**About this exercise**
Please restate each entry that appears below word for word, without its pictures.

----------------

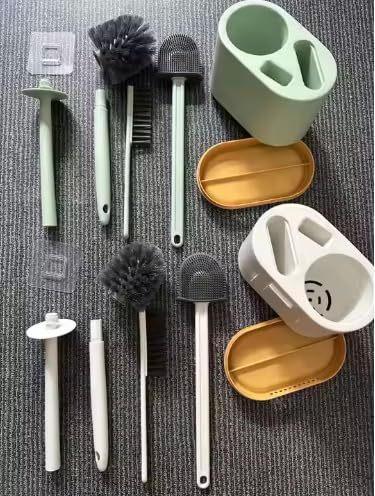 Image of HomeCloud Wall Mounted Silicone Toilet Brush | Soft Bristle Bathroom Cleaning Brush with Holder | Modern Japanese Design | Quick-Drying & Hygienic (Green)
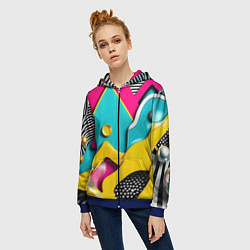 Толстовка на молнии женская Праздничная абстракция, цвет: 3D-синий — фото 2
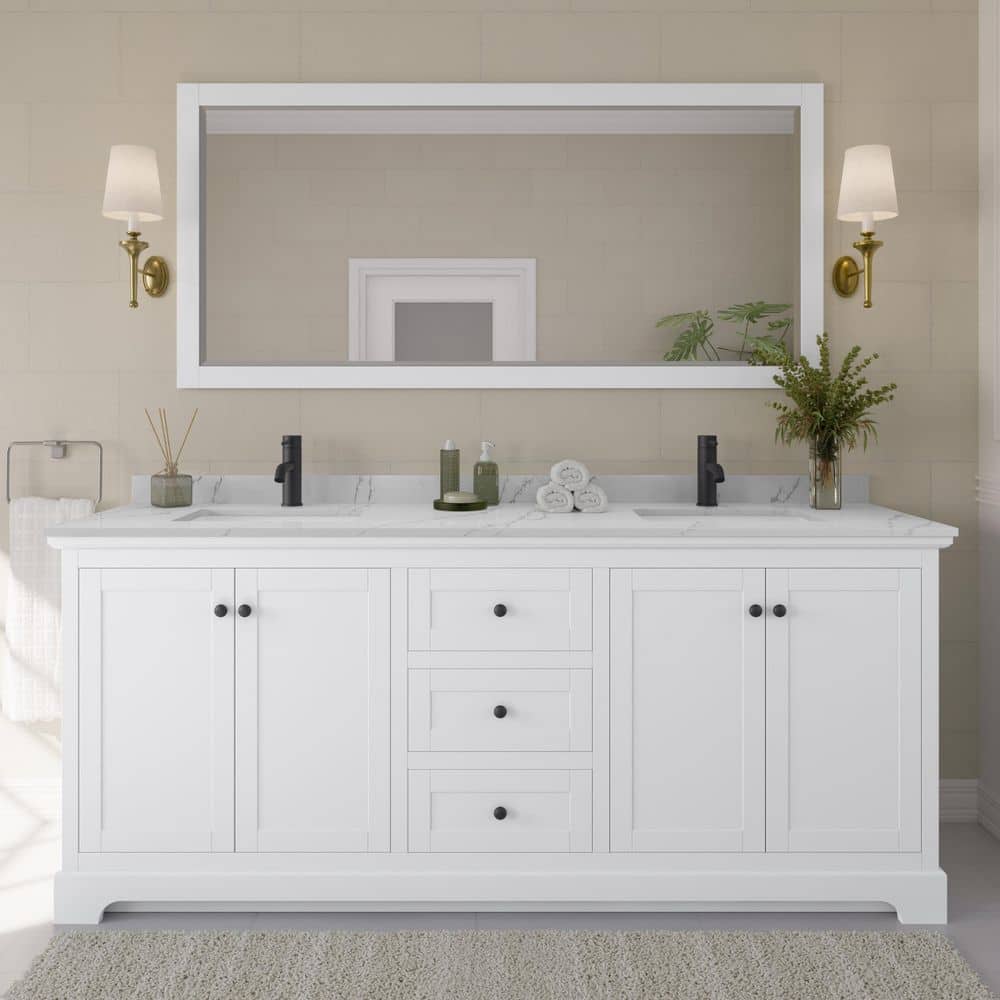 Avery 80 in. W x 22 in. D x 35 in. H Double Bath Vanity in White with Giotto Quartz Top price history on PriceWatchPro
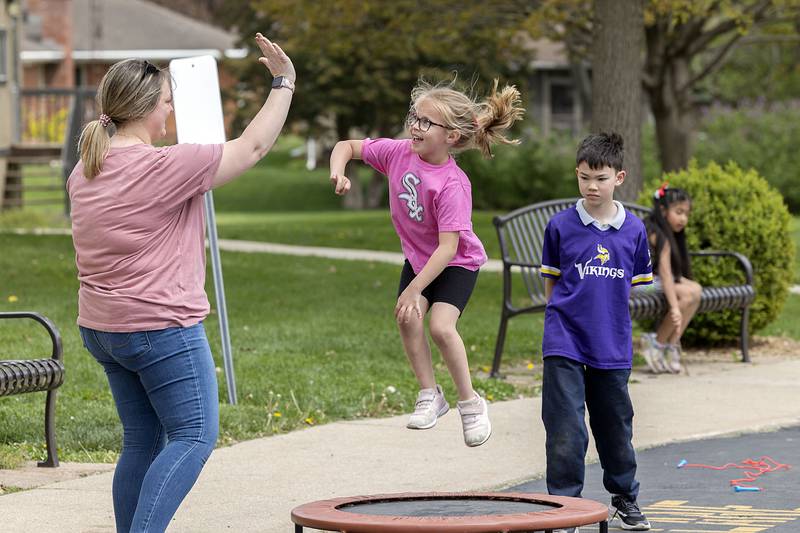 During the American Heart Association Kids Challenge at St. Anne School in Dixon, staff and students jumped, leaped and performed other physical activities for the fundraiser.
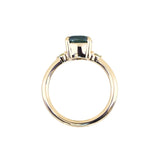 2.17ct Unheated Antique Style Cushion Cut Montana Sapphire Dainty Three Stone Ring in 14k Yellow Gold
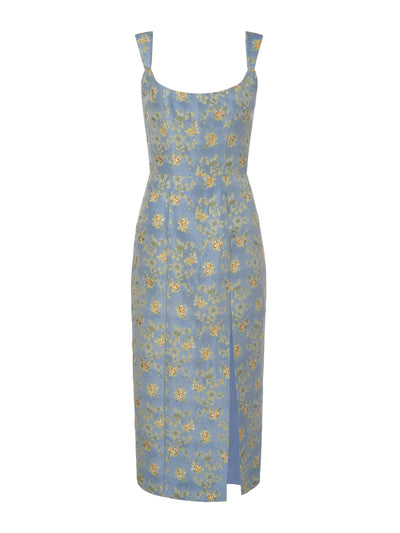 Markarian Claudette blue floral brocade corset dress at Collagerie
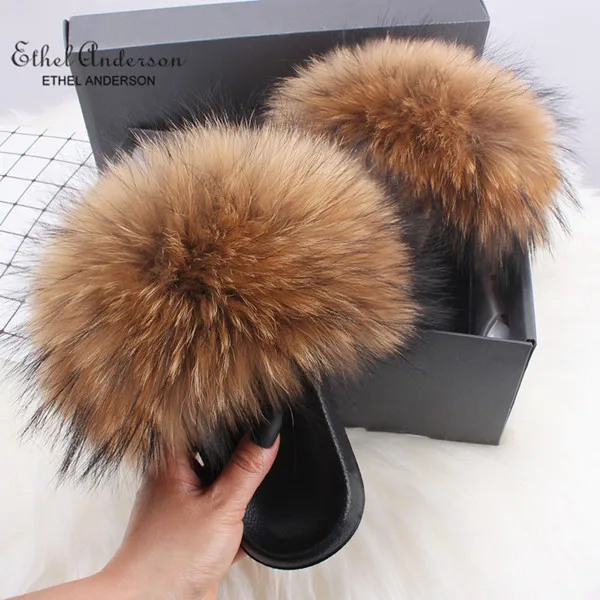 authentic fur slides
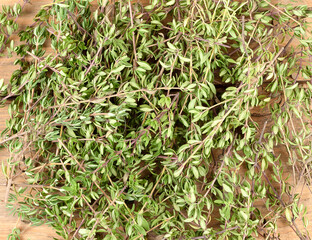 Close up of a bunch of thyme sprigs on a wooden background.
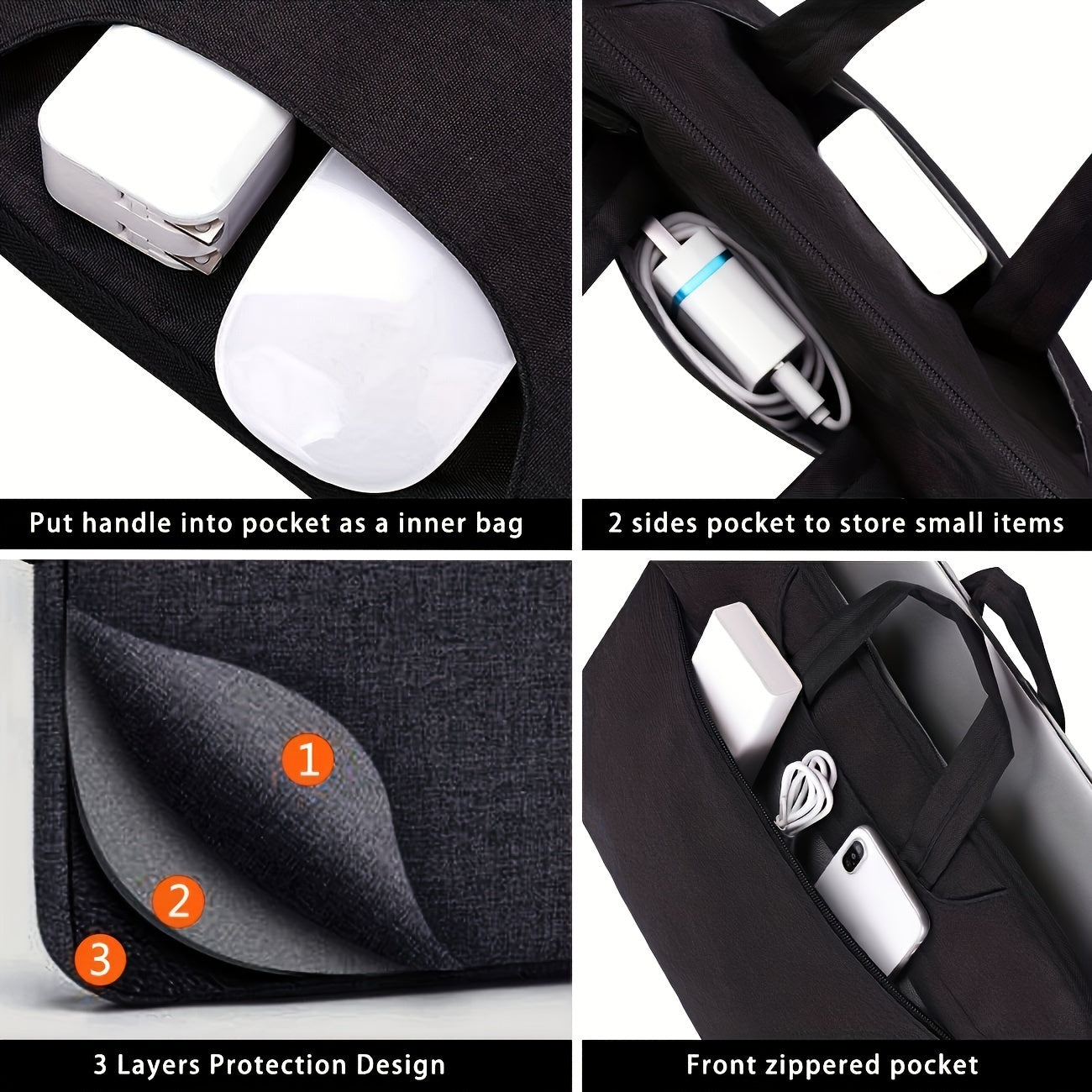 Slim Laptop Shoulder Bag for Women with Strap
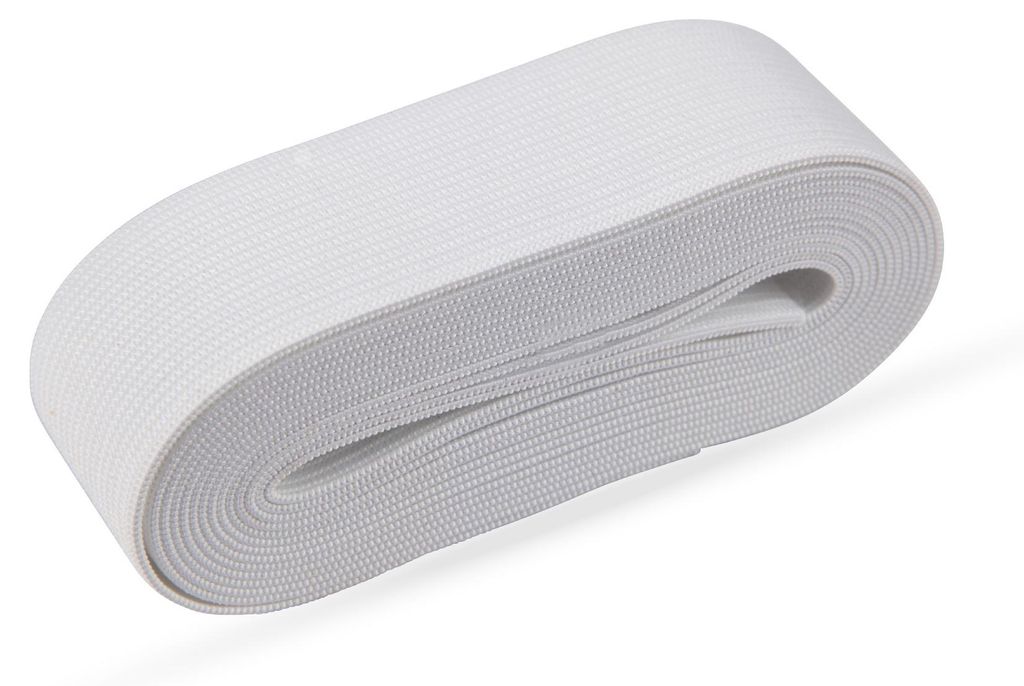 Gummiband 3,0cm x 2,5m Weiß – elastisch, reißfest, weich, Produktbild 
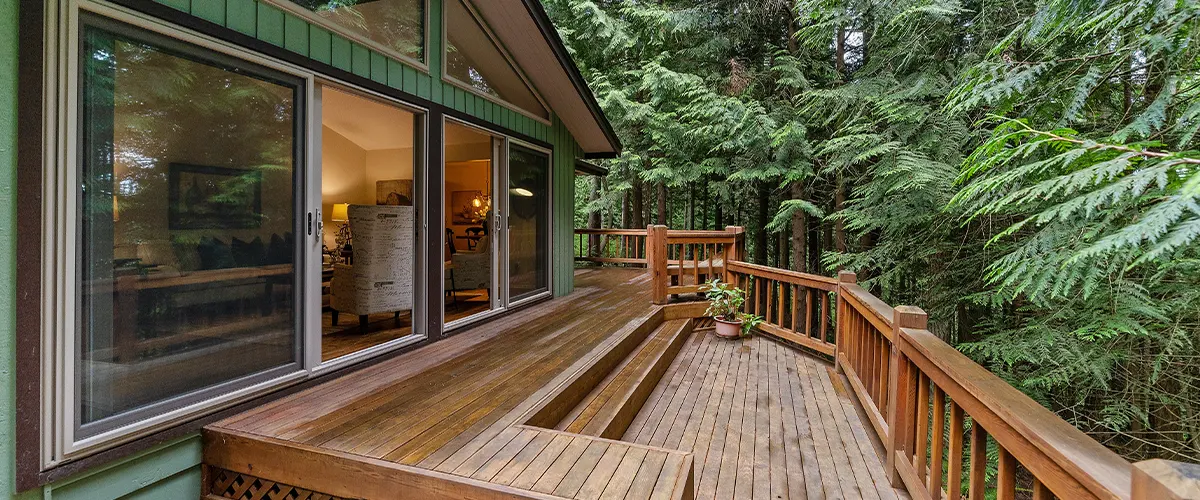 amazing wood deck attached to home near forest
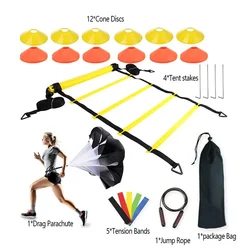 Footwork Soccer Fitness Speed Rungs Football Agility Ladder Training Equipment Kit With Resistance Parachute Disc Cones Bags Set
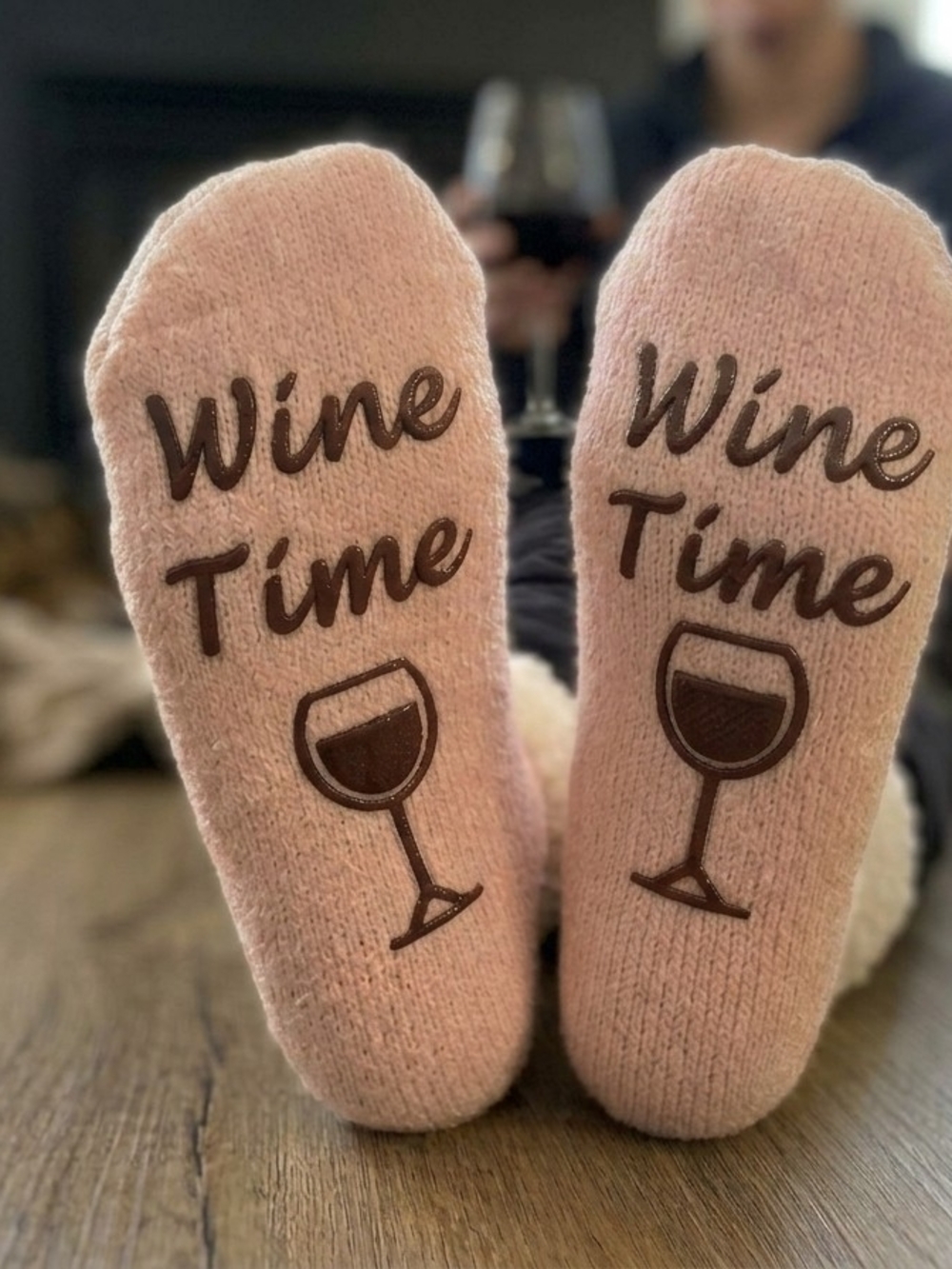 NWT Belk Pink Wine Time Fuzzy Slipper Socks Non-Slip Sherpa Cuff Size 9-11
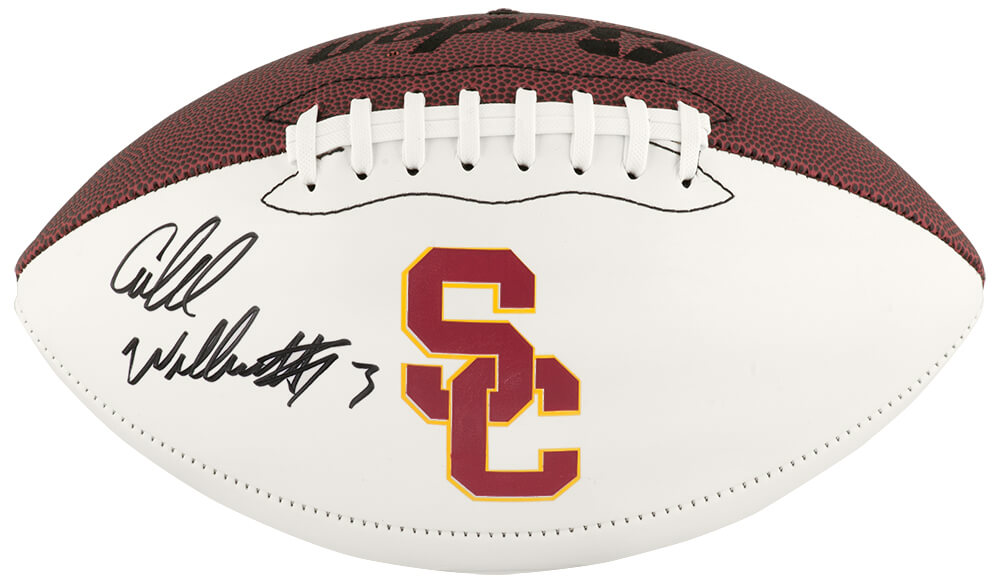 Caleb Williams Signed USC Trojans Baden White Logo Football (Fanatics) - WILFTB370 - Caleb Williams Signed USC Trojans Baden White Logo Football (Fanatics) product image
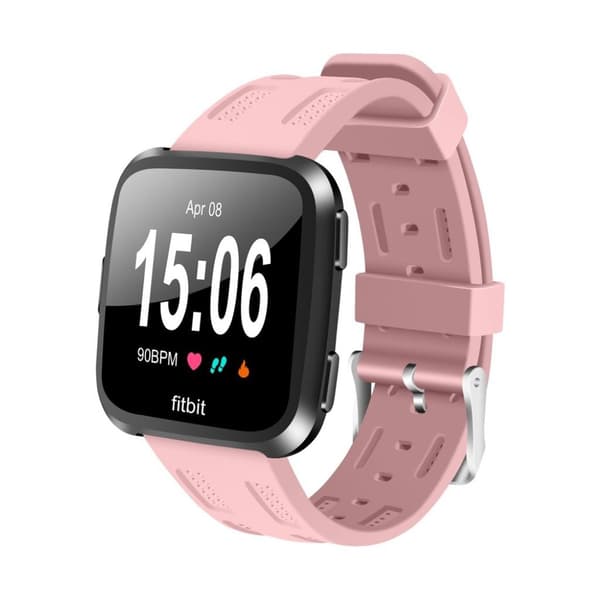 Fitbit Versa justerbar erstatnings urrem i blødt hult silikone - Lyserød Pink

----------------

**Exercise response**
 Image of HomeCloud Wall Mounted Silicone Toilet Brush | Soft Bristle Bathroom Cleaning Brush with Holder | Modern Japanese Design | Quick-Drying & Hygienic (Green)
 Толстовка на молнии женская Праздничная абстракция, цвет: 3D-синий — фото 2
 Avery 80 in. W x 22 in. D x 35 in. H Double Bath Vanity in White with Giotto Quartz Top price history on PriceWatchPro
 During the American Heart Association Kids Challenge at St. Anne School in Dixon, staff and students jumped, leaped and performed other physical activities for the fundraiser.
 2.17ct Unheated Antique Style Cushion Cut Montana Sapphire Dainty Three Stone Ring in 14k Yellow Gold
 Markarian Claudette blue floral brocade corset dress at Collagerie
 authentic fur slides
 Close up of a bunch of thyme sprigs on a wooden background.
 Slim Laptop Shoulder Bag for Women with Strap
 Gummiband 3,0cm x 2,5m Weiß – elastisch, reißfest, weich, Produktbild 
 amazing wood deck attached to home near forest
 Footwork Soccer Fitness Speed Rungs Football Agility Ladder Training Equipment Kit With Resistance Parachute Disc Cones Bags Set
 NWT Belk Pink Wine Time Fuzzy Slipper Socks Non-Slip Sherpa Cuff Size 9-11
 Caleb Williams Signed USC Trojans Baden White Logo Football (Fanatics) - WILFTB370 - Caleb Williams Signed USC Trojans Baden White Logo Football (Fanatics) product image
 Fitbit Versa justerbar erstatnings urrem i blødt hult silikone - Lyserød Pink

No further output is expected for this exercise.